* [LISTED ENTRIES]
################

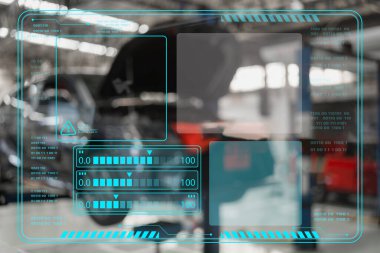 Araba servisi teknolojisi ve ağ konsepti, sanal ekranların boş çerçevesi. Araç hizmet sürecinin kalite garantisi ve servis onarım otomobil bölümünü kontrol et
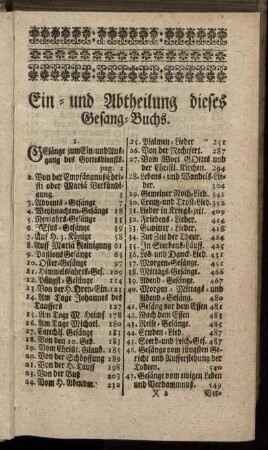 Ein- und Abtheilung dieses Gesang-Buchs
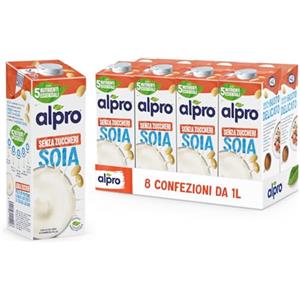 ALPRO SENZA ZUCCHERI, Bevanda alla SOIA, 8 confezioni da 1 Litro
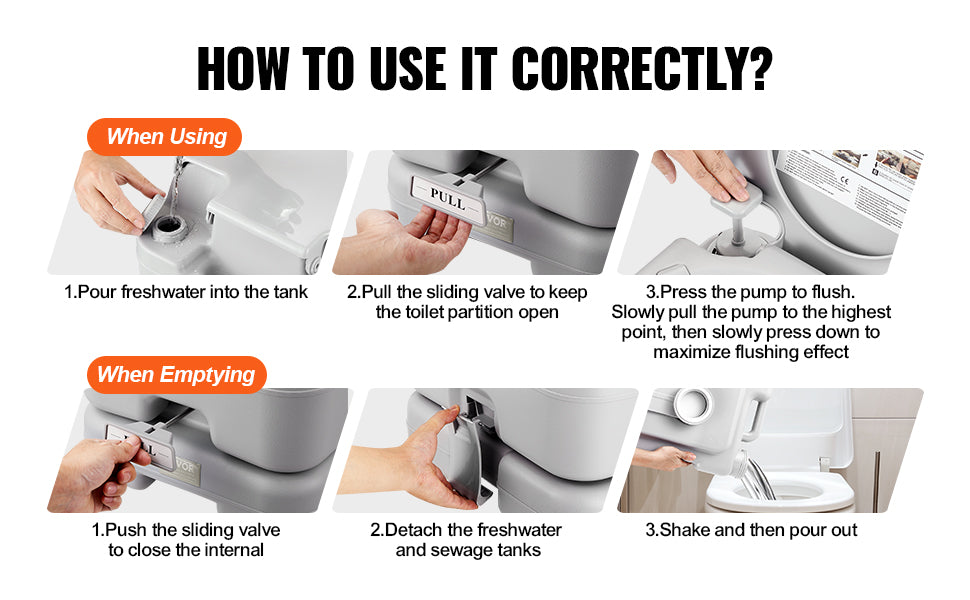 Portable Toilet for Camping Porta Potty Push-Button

################

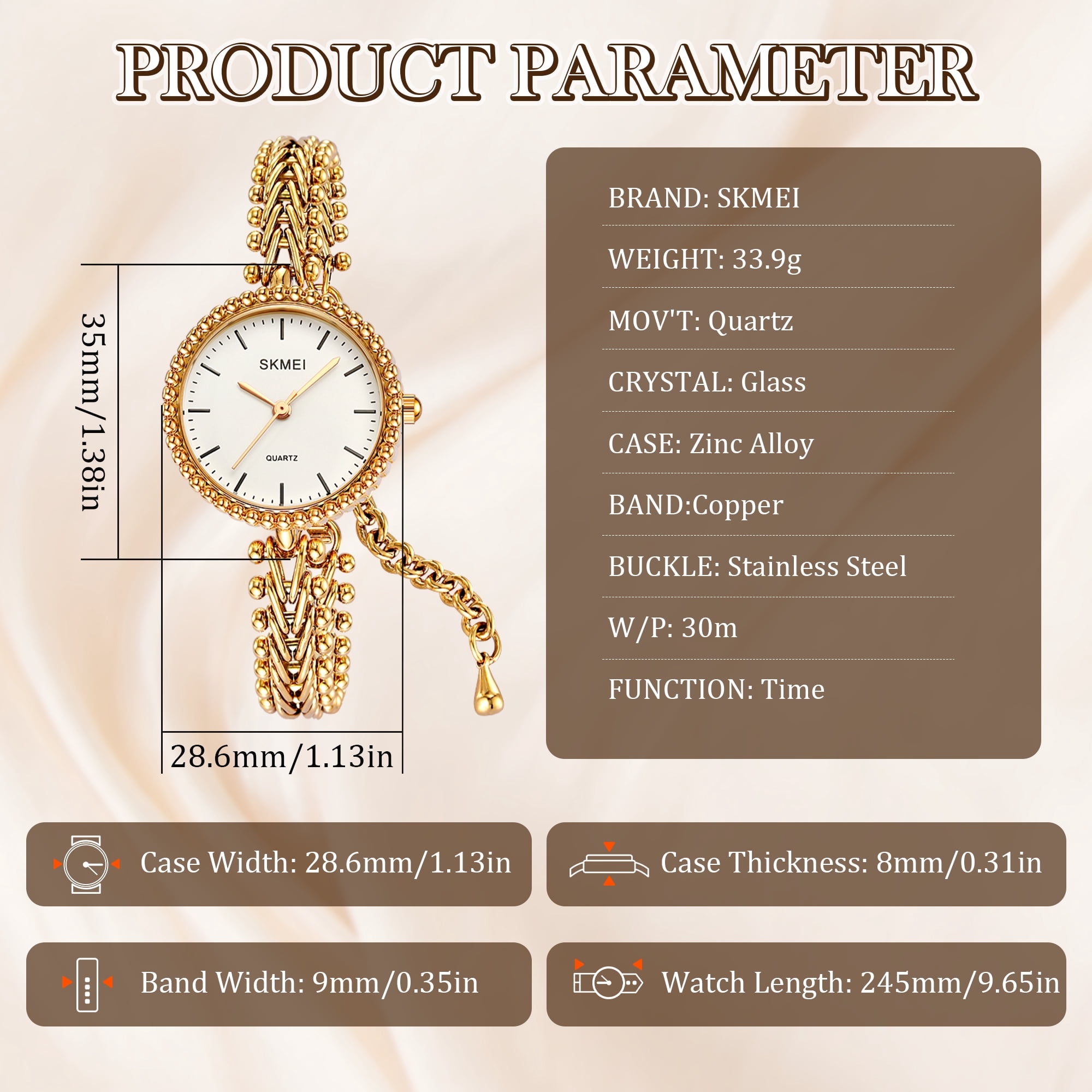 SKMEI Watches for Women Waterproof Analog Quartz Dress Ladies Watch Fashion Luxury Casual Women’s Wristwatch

################

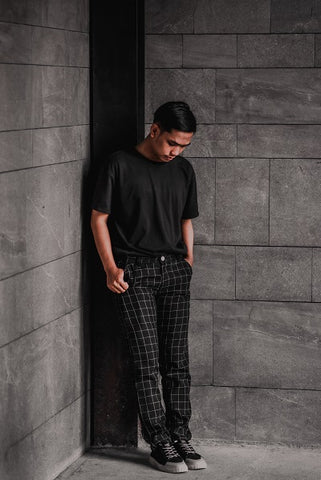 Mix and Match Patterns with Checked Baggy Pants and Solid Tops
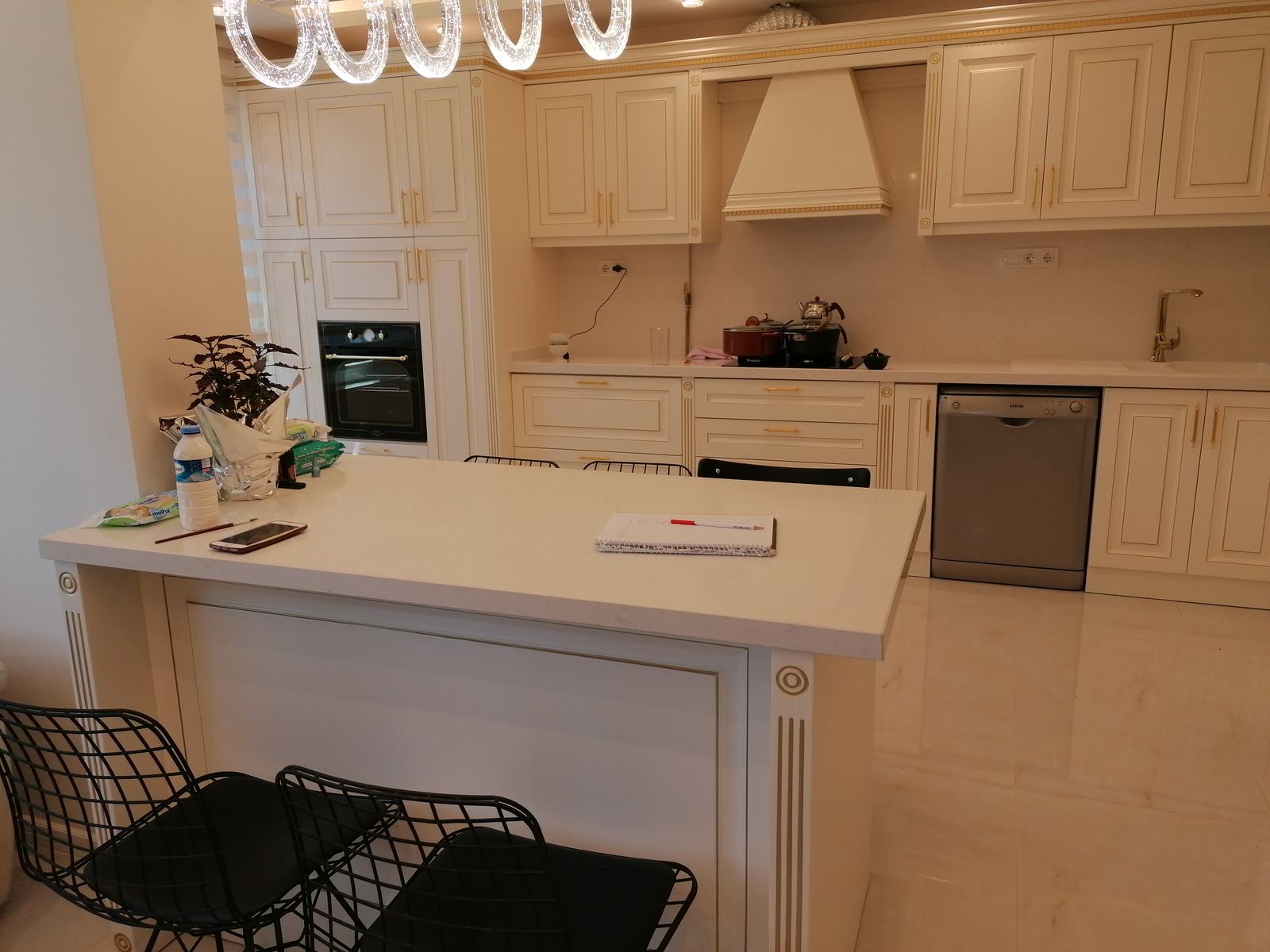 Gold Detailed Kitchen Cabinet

################

* [PROBLEM] From the listing above, restate verbatim the lines running from the one with "ALPRO SENZA ZUCCHERI, Bevanda" through the one with "Portable Toilet for", inclusive, but not the pictures.

* [RESPONSE]
 ALPRO SENZA ZUCCHERI, Bevanda alla SOIA, 8 confezioni da 1 Litro
 Portable Toilet for Camping Porta Potty Push-Button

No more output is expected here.